Fish farming is a priority for the Rondônia state government, which is developing a programme to promote the activity, particularly breeding in net pens in hydropower reservoirs.
Seagri expects aquaculture production to reach 80,000 tons this year. In 2010 output amounted to just 12,000 tons. Production could grow fast because of the 8,000 rural properties with the infrastructure for fish farming, only half are selling part of what they produce.
The two problems that Mendes said he faces - feeling that he is on his own, and the high feeding costs - do not affect the alternative chosen by the Collective Rural Resettlement of Jirau, the other dam on the Madeira River, 120 km from Porto Velho and 110 km upstream the Santo Antônio dam.
Their Income-Generation Pilot Project combines fish farming and crop irrigation using wastewater. But they opted for the tambaqui or pacu (Colossoma macropomum), the Amazonian fish most widely consumed and farmed.
"It is the local species that has best adapted to tank breeding," said Juliana Oliveira, in charge of socioeconomic affairs in ESBR, the consortium that built the Jirau hydroelectric plant.
Each of the four in-ground tanks produces up to five tons of fish per year, about 2,500 fish weighing two kilos on average, Miguel Lins, agronomist and environmental analyst for ESBR, told IPS.
The breeding tanks were built on high ground so water can drain on crops by gravity.

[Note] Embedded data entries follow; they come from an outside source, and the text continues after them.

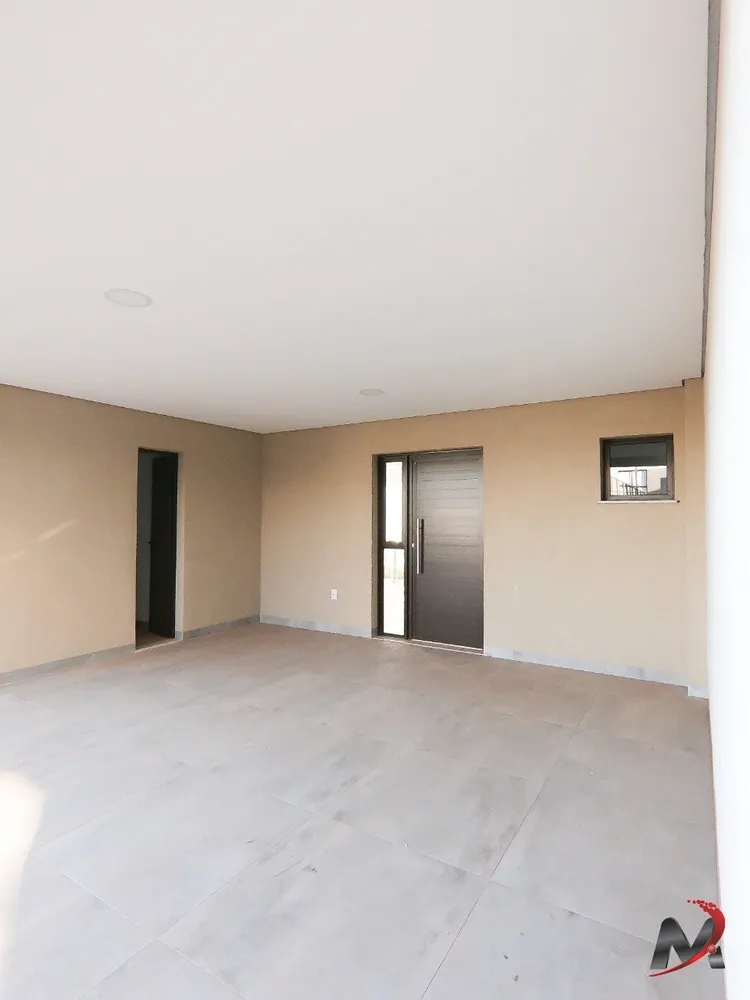 Sobrado, 3 quartos, 136 m² - Foto 1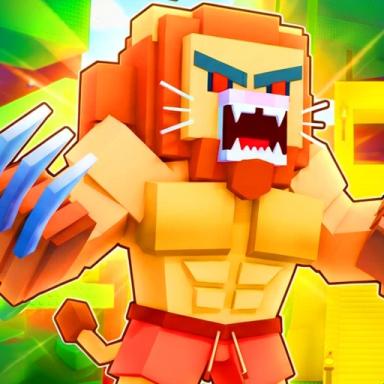 Thumbnail for Pixelmon Game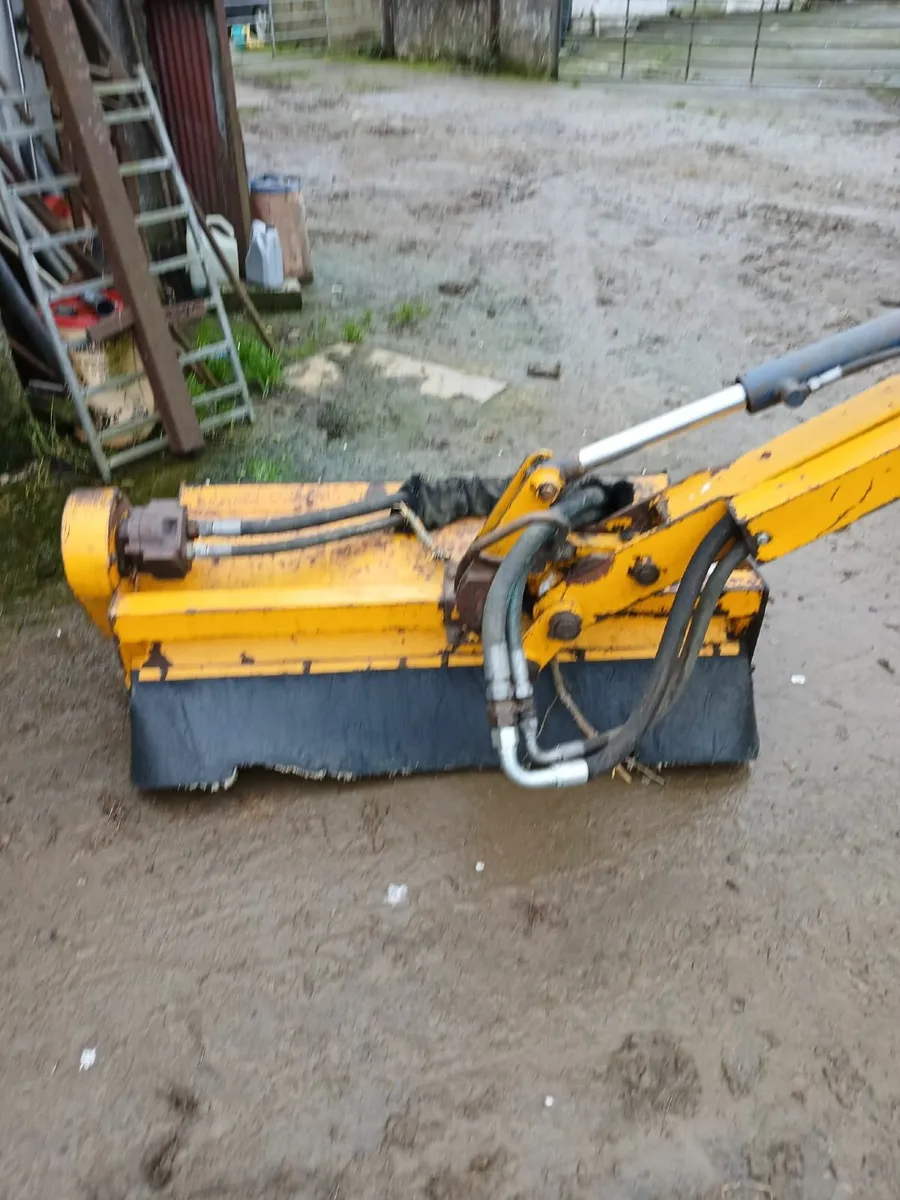 Hedge Cutter - Image 2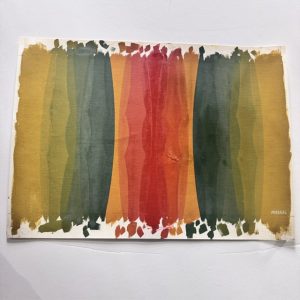 Miodrag - Abstract - Originele schilderij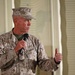 Commandant, sergeant major of the Marine Corps visit Camp Leatherneck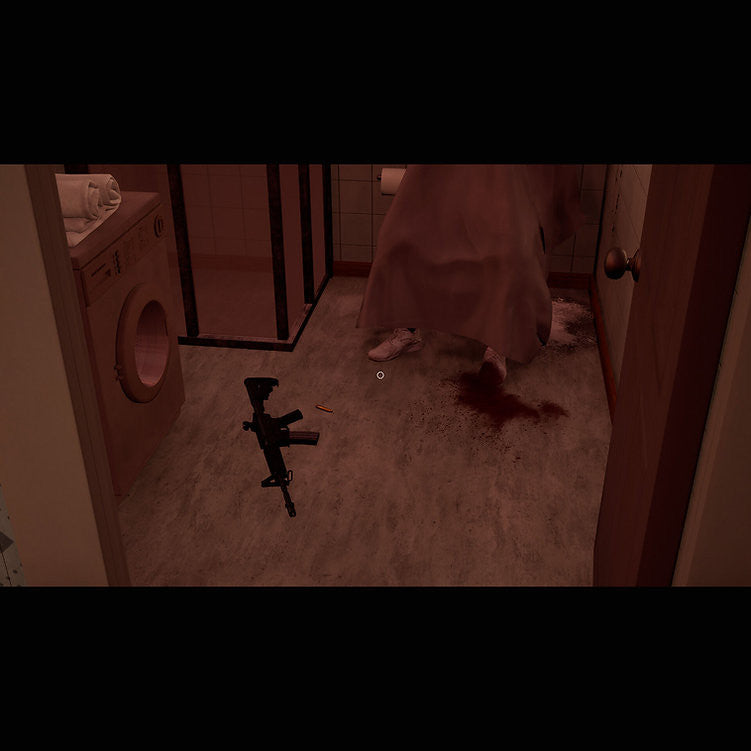 Detective Collection [PlayStation 5] EU Version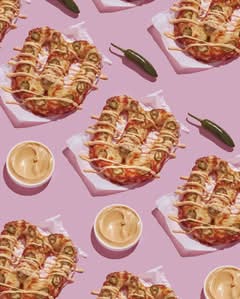 Pretzel Curtin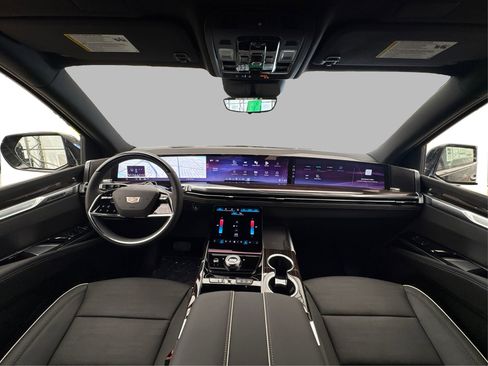 New 2025 Cadillac Escalade Premium Luxury image 23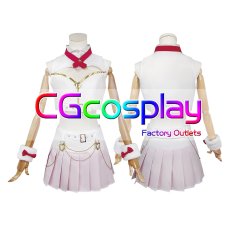 画像13: バーチャルYouTuber　Vtuber　みたらし団 Half Anniversary　全員　立伝  るり ミラン　コスプレ衣装 (13)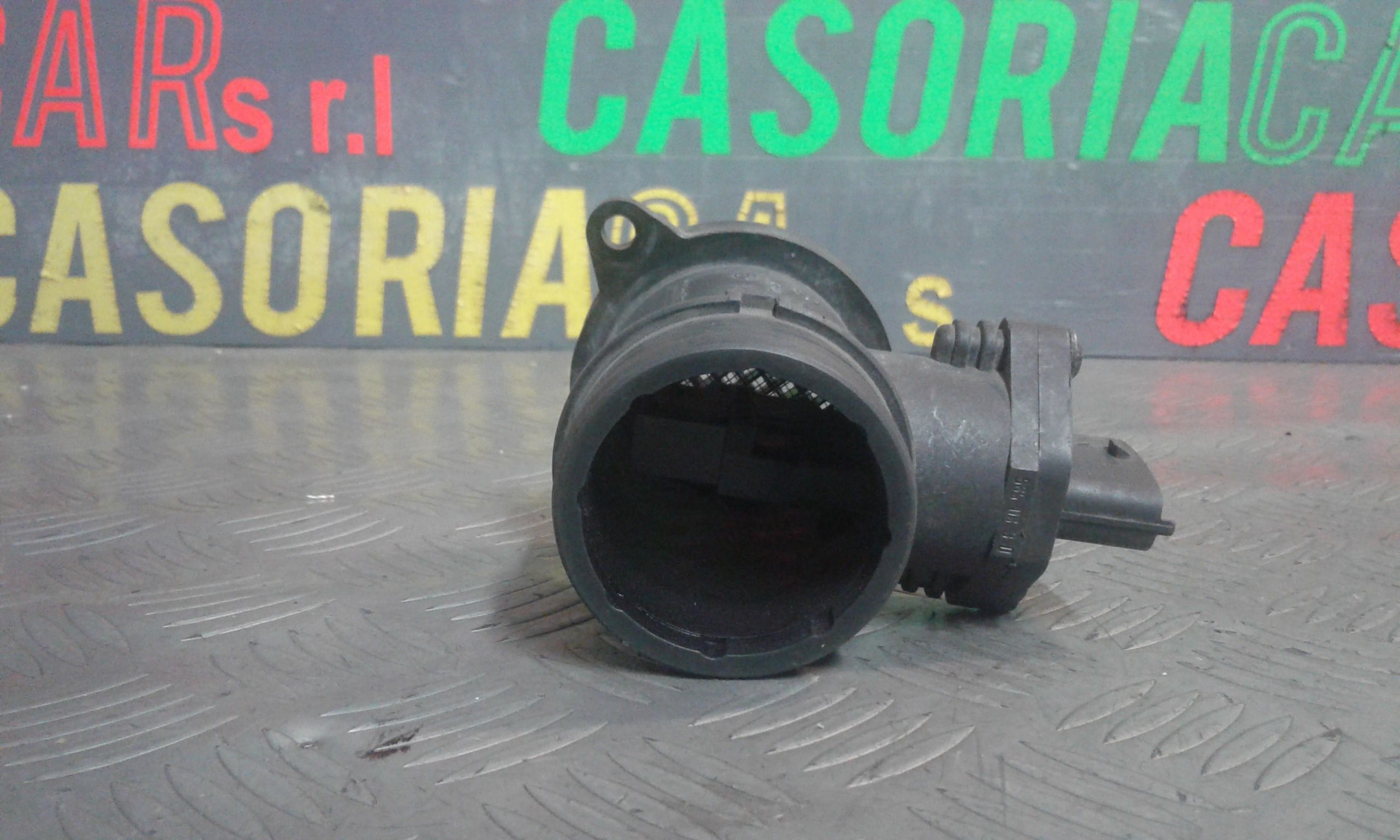 Debimetro LANCIA Ypsilon 1 Serie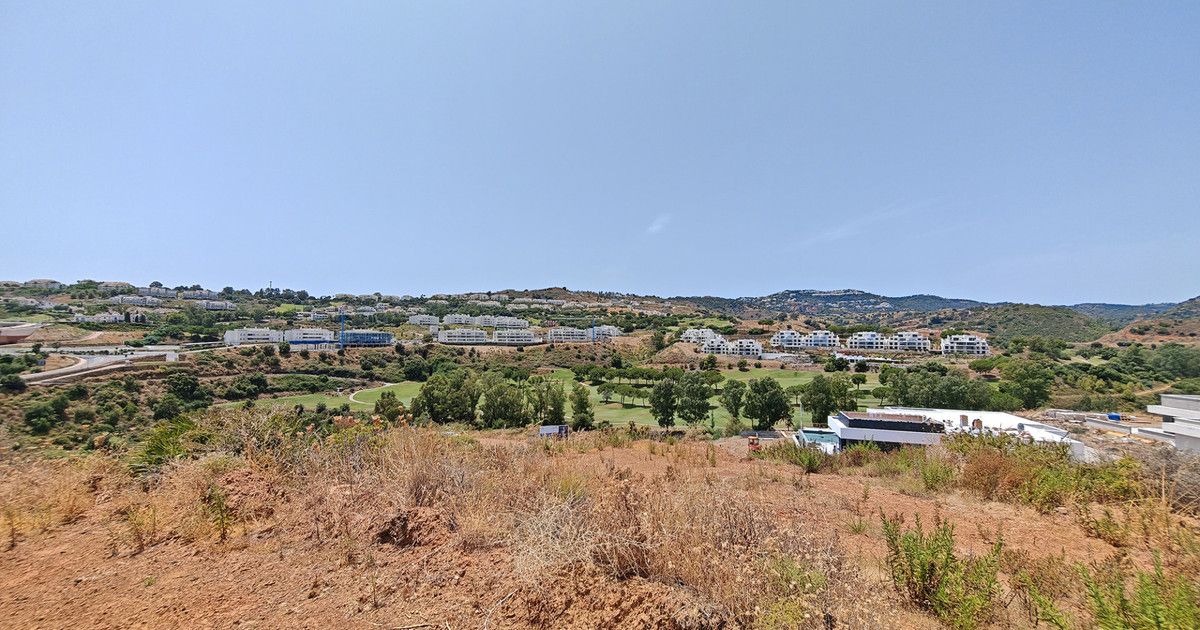 Residential Plot in La Cala Golf, La Cala Golf, 10/12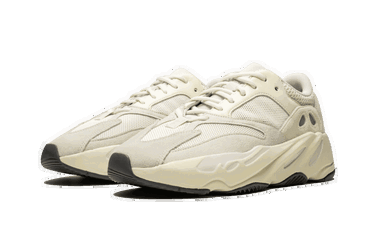 Sneakers og sko adidas Yeezy Yeezy Boost 700 "Analog" Beige | EG7596, 3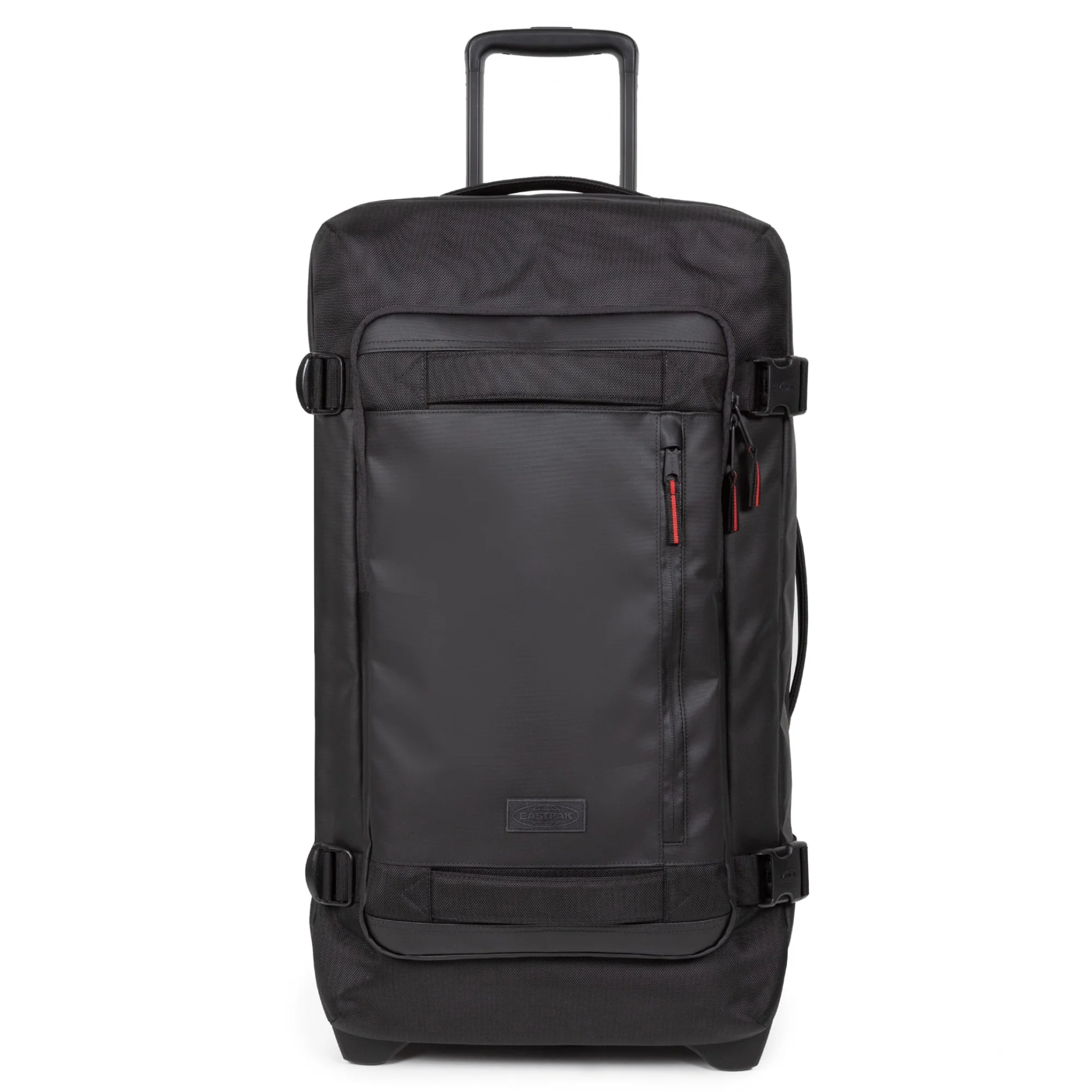 Eastpak Tranverz CNNCT 78 - Rollenreisetasche 67 cm M (cnnct top black)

However, this "fertigation" system is unusual, because the water with faeces and waste from fish farming contains too much ammonium, a fertiliser that in excess can damage crops, said Oliveira.
The project, financed by the company, seeks to assess the financial and environmental viability of this method of fish farming, while persuading and empowering the 22 families that are left in the resettlement, organised in the New Life Association. In 2011, 35 families were resettled but 13 have left.
The pilot project already provides a small income for the families, selling around 400 kilos weekly in nearby markets. That is not much when divided between all the families. But the plan is to build more tanks on the 75-hectare family plots, each of which contains 60 hectares of forest reserves.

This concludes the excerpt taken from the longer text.